Raison pour laquelle pas moins de 33 membres du Conseil national ont cosigné la motion déposée par l'élue socialiste Priska Seiler Graf. La Zurichoise se base sur l'étude «Homicides par armes à feu dans la sphère domestique» du Bureau fédéral de l'égalité entre femmes et hommes. Ce rapport met en évidence l’utilisation fréquente d’armes de poing ainsi que d’anciennes armes militaires dans ce type de violences. Entre 2015 et 2022, sur les 41 infractions, une seule a été commise par une femme. La grande majorité des auteurs sont de nationalité suisse et ont en moyenne 63,2 ans. Alors que les victimes sont principalement des femmes, âgées en moyenne de 54,2 ans. Dans tous les cas répertoriés, l’auteur des faits s’est suicidé par la suite.
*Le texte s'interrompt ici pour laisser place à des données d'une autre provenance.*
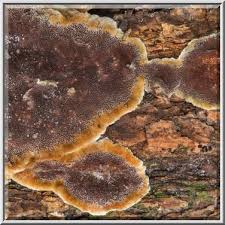 Image result for Phellinus gilvus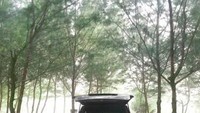 Asyik kan camping begini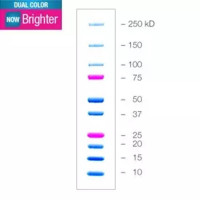 1610394伯乐蛋白双色标准品Bio-rad Precis
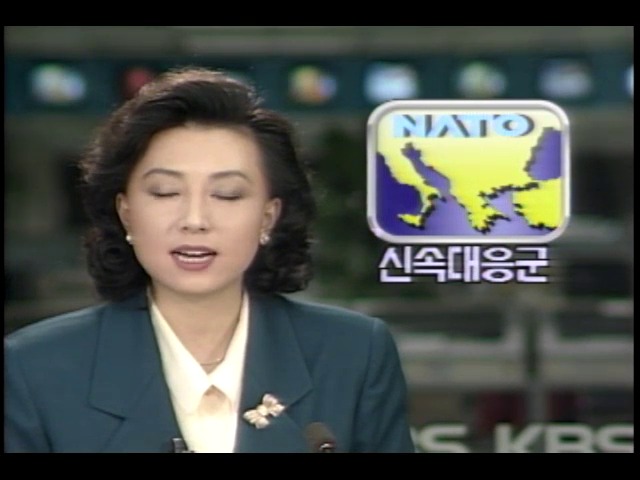 북대서양조약기구, 1995년 신속대응군 신설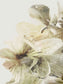 Close-up of a flower with a white background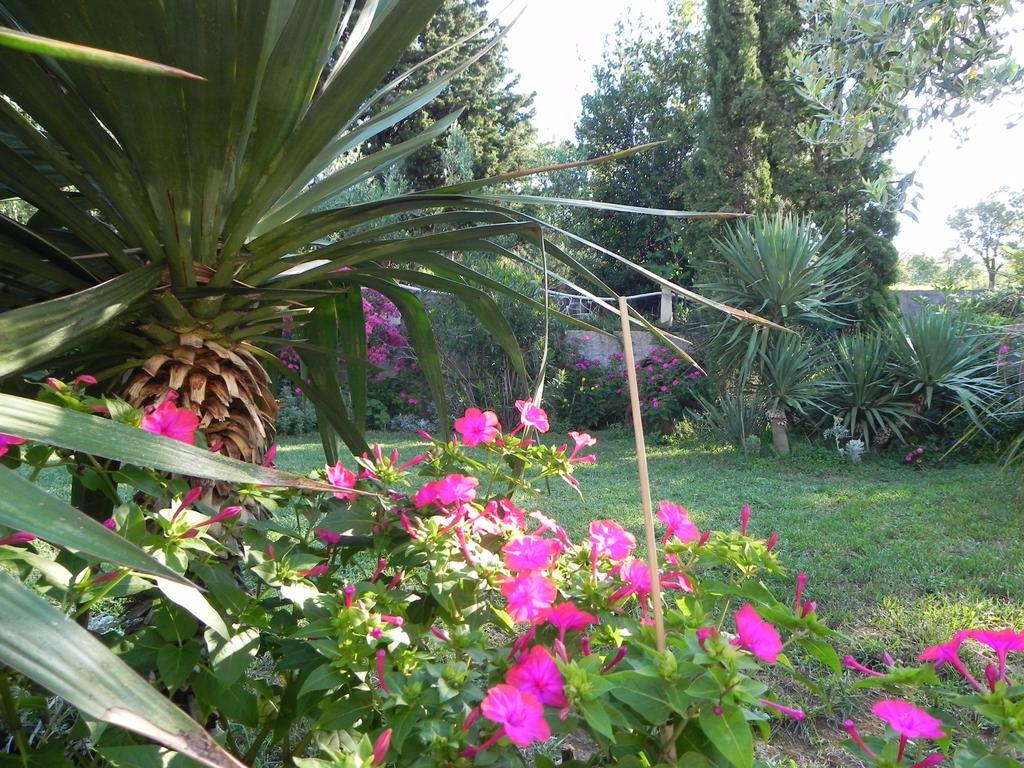 סלצה Apartments Katalenic מראה חיצוני תמונה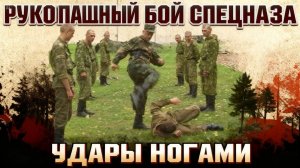 Спецприемы Рукопашного боя и Боевого САМБО Спецназа Вадим Старов Удары Ногами Добивание на Земле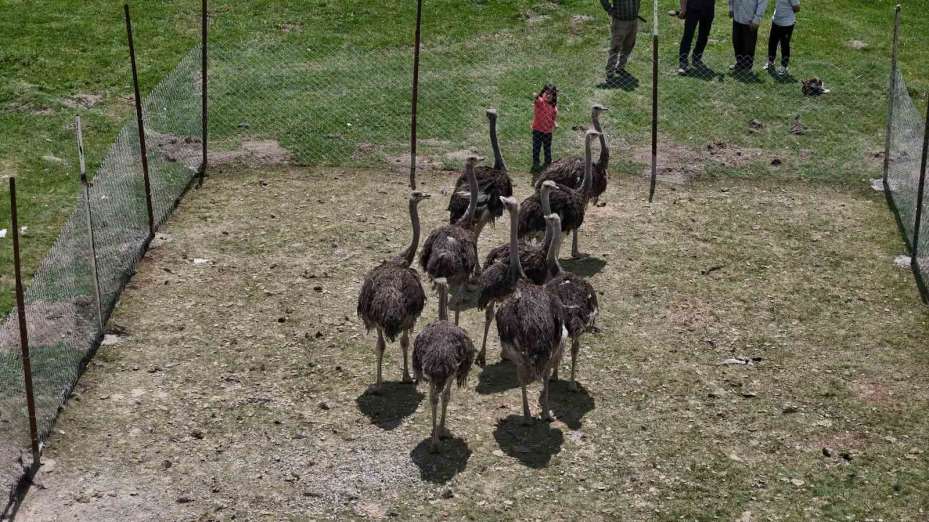Babasının hayalini gerçekleştirdi, Sivas’ta ilki yaptı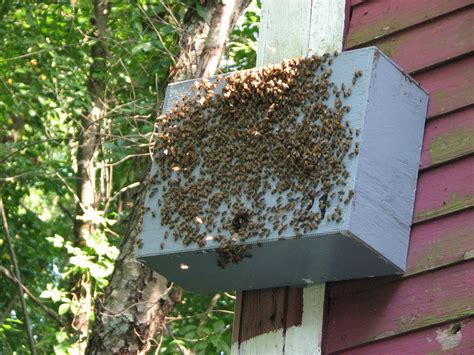 Bushkill Honeybee Swarm Traps | BeeVac.com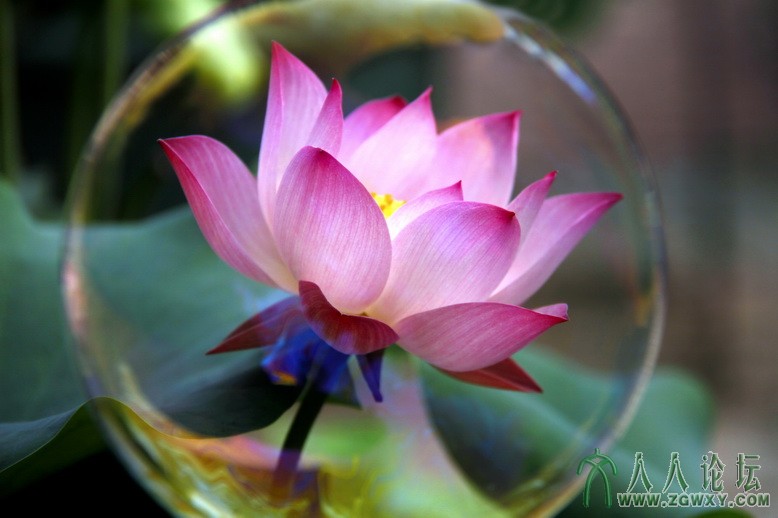 美丽的光环 范连生flsh12110@sina.com.jpg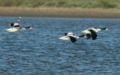 Shelduck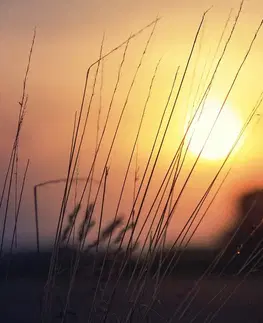 Obrazy přírody a krajiny Obraz východ slunce nad loukou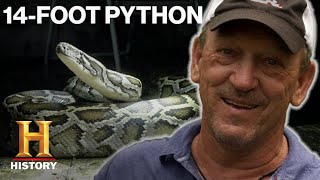 Swamp People: Serpent Invasion: 24 SNAKES CAUGHT in Python Hunting Competition (Season 2) | History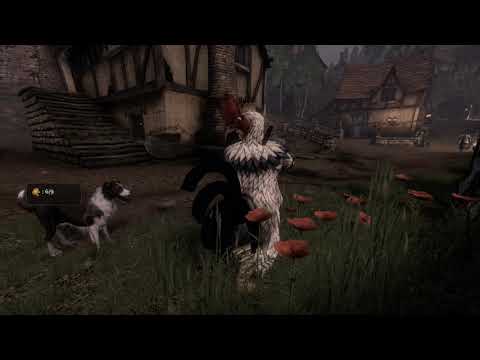 08 Fable 3 Chicken Chaser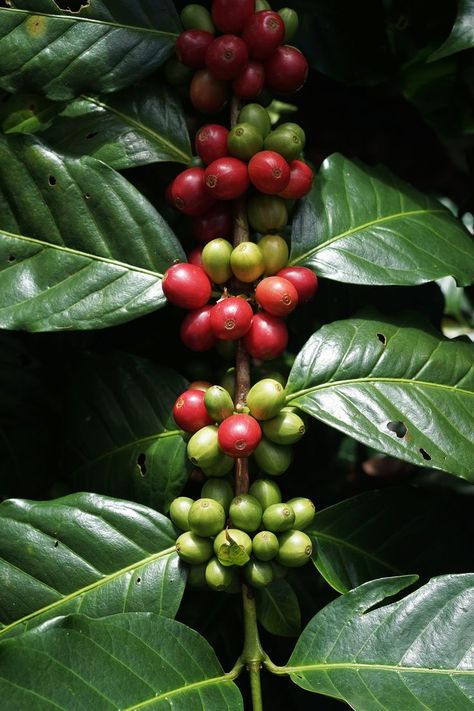 Coffee Bean Tree, Coffee Beans Photography, Tattoo Cafe, Coffee Board, Coffee Box, Coffee Tree, Coffee Roastery, Coffee Farm, Coffee Places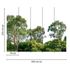 Picture Photo Wallpaper Tree Crown Forest green white 3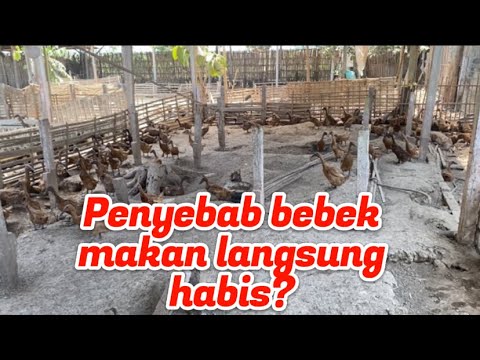 Why do ducks run out of feed within an hour? Do they need to be fed more? ❗️❗️❗️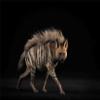 1/6 Africa Striped Hyaena Figure Realistic Educational Hyaenidae Animal Model Resin Collector Home Decoration Birthday Gift view 2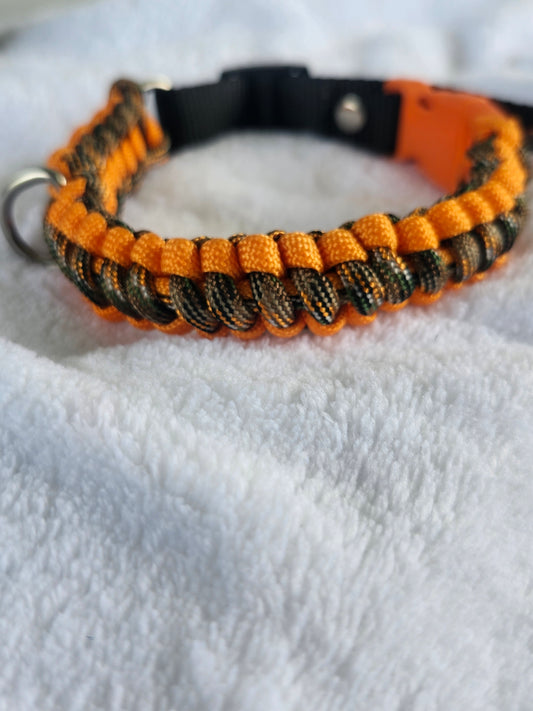 Collares para mascotas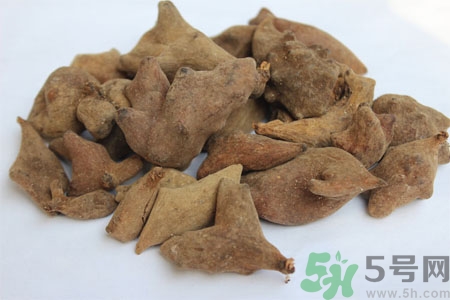 五倍子能治早泄嗎？五倍子的副作用有哪些？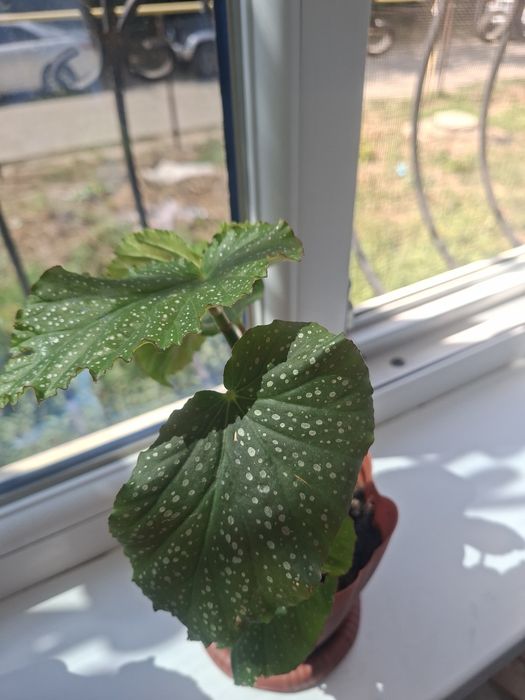 Бегония коралловый продам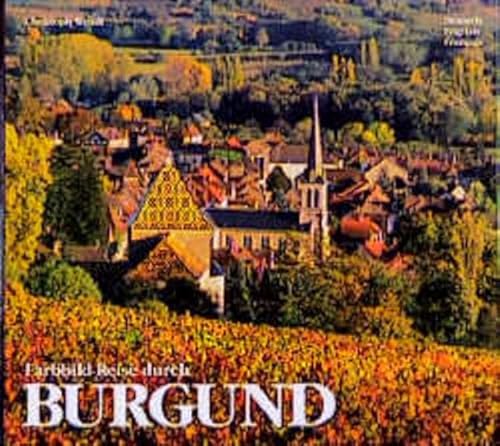 zvab Farbbild-Reise durch Burgund von Wendt Christoph: Gut Hardcover (2001) nein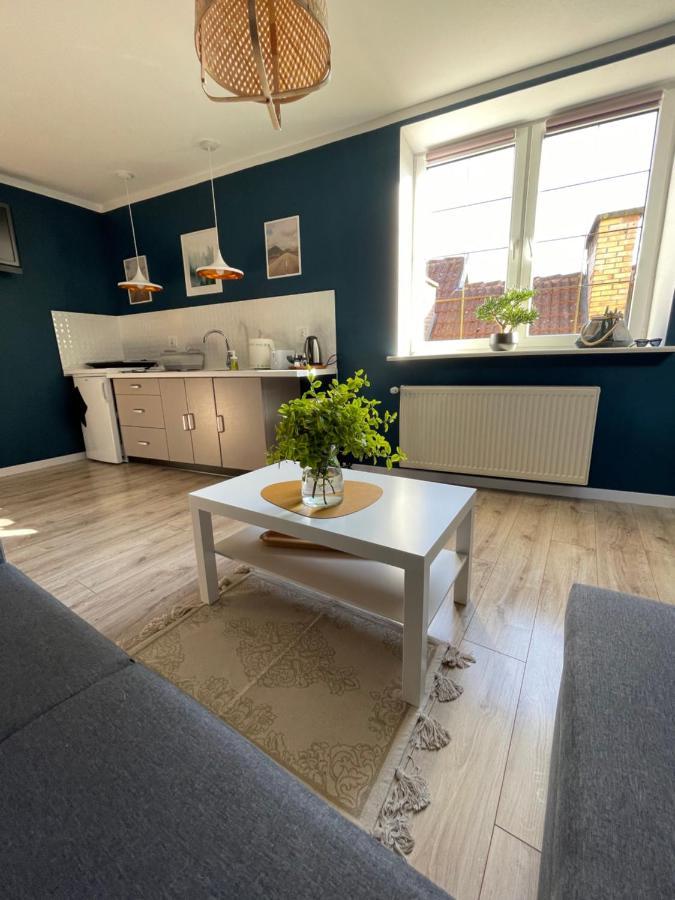 Przy Starowce Apartment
L'étude conclut que les anciennes armes militaires constituent un facteur de risque dans les ménages: «Un auteur potentiel qui a l’intention non seulement de tuer sa partenaire (et éventuellement d’autres membres de la famille tels que les enfants) mais aussi de se suicider ensuite peut plus facilement passer à l’acte si une arme à feu est à disposition dans le ménage.»
La responsabilité de l'Etat doit compter
Priska Seiler Graf et ses soutiens veulent mettre un terme à cette situation. «Ce n’est pas à l’armée de fournir, involontairement, l’arme du crime dans les cas d’homicides domestiques», affirme la conseillère nationale dans son intervention. Pour elle, la responsabilité de l’Etat ne disparaît pas sous prétexte que la privatisation des armes militaires remonte à plusieurs décennies. Bien au contraire: avec le temps, toute justification à la conservation de ces armes ne tient plus. Quiconque n’en a plus l’usage – y compris pour le tir sportif – devrait les restituer à l’Etat.
Priska Seiler Graf est convaincue que l'étude fédérale démontre clairement qu’une telle mesure peut jouer un rôle déterminant dans la prévention des homicides par arme à feu au sein des foyers.